Exercise brief » In the entries below, locate the line with "20250521Part 2/2 Nicky", then give again that line and all lines after it, exactly, with pictures omitted.

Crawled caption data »
__________

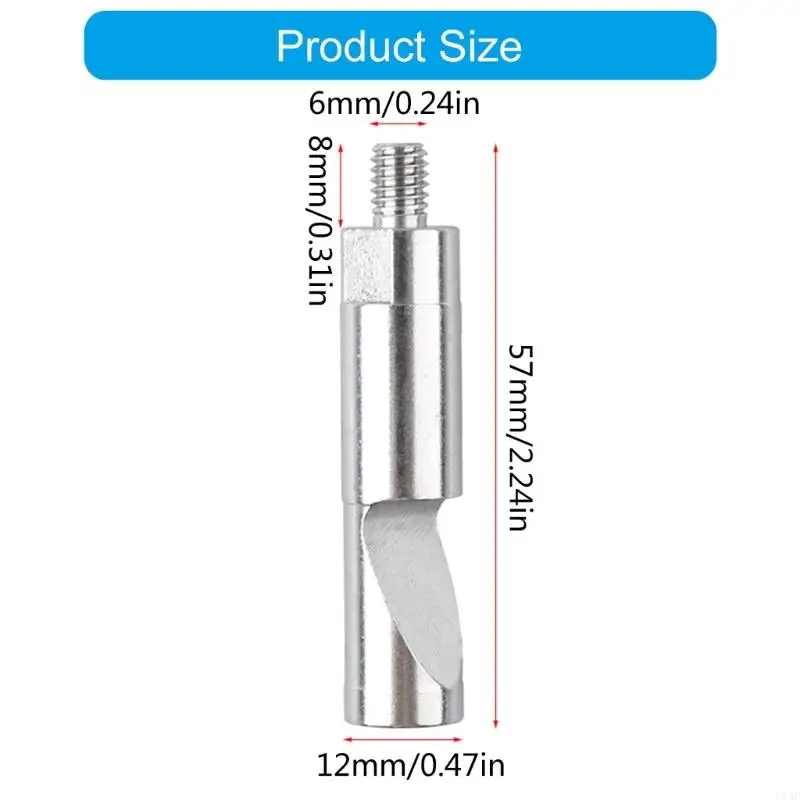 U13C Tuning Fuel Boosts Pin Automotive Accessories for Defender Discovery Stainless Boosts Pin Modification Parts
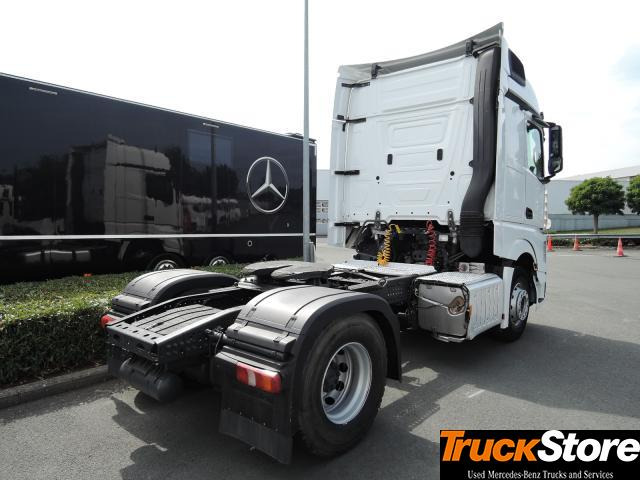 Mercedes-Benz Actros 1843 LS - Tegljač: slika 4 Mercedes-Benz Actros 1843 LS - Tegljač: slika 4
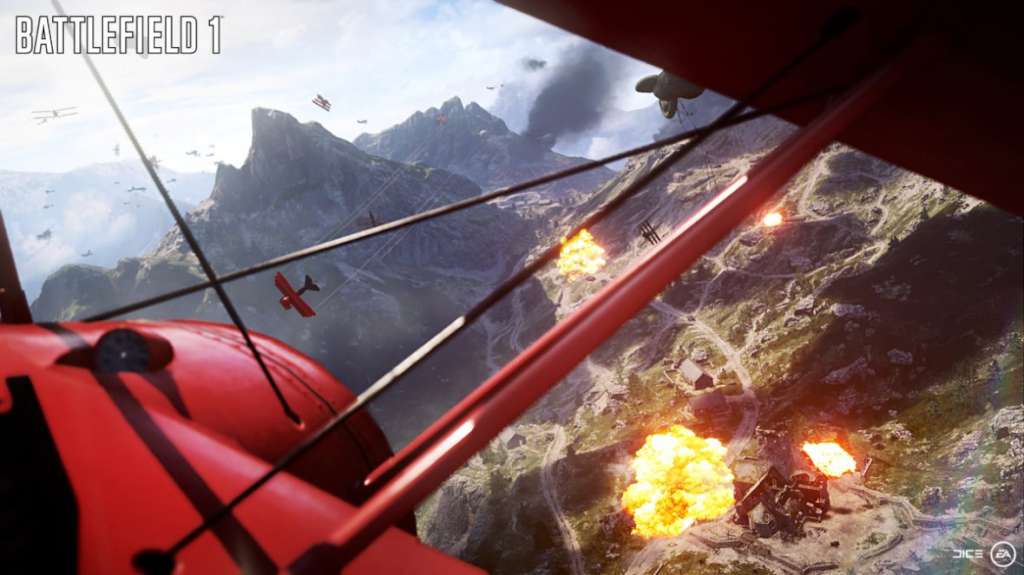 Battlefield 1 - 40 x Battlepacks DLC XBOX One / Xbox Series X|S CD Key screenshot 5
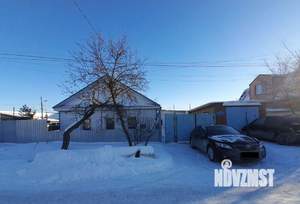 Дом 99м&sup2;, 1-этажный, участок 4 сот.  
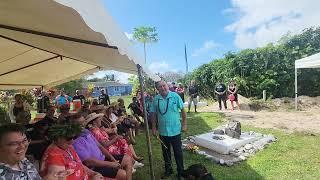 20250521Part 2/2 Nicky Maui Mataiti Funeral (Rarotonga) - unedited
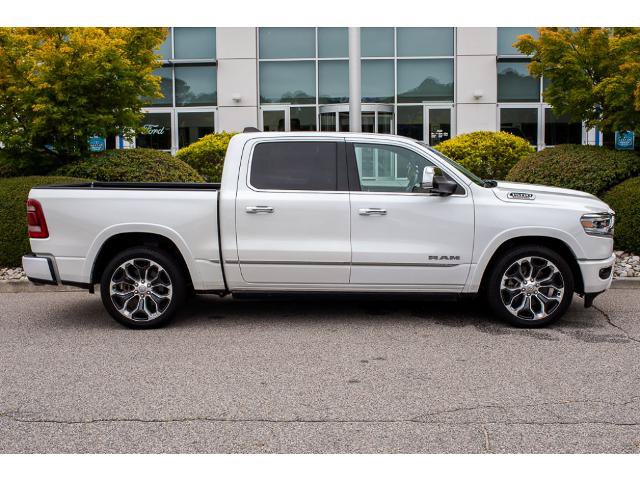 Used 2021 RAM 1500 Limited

__________

Task response »
 20250521Part 2/2 Nicky Maui Mataiti Funeral (Rarotonga) - unedited
 Used 2021 RAM 1500 Limited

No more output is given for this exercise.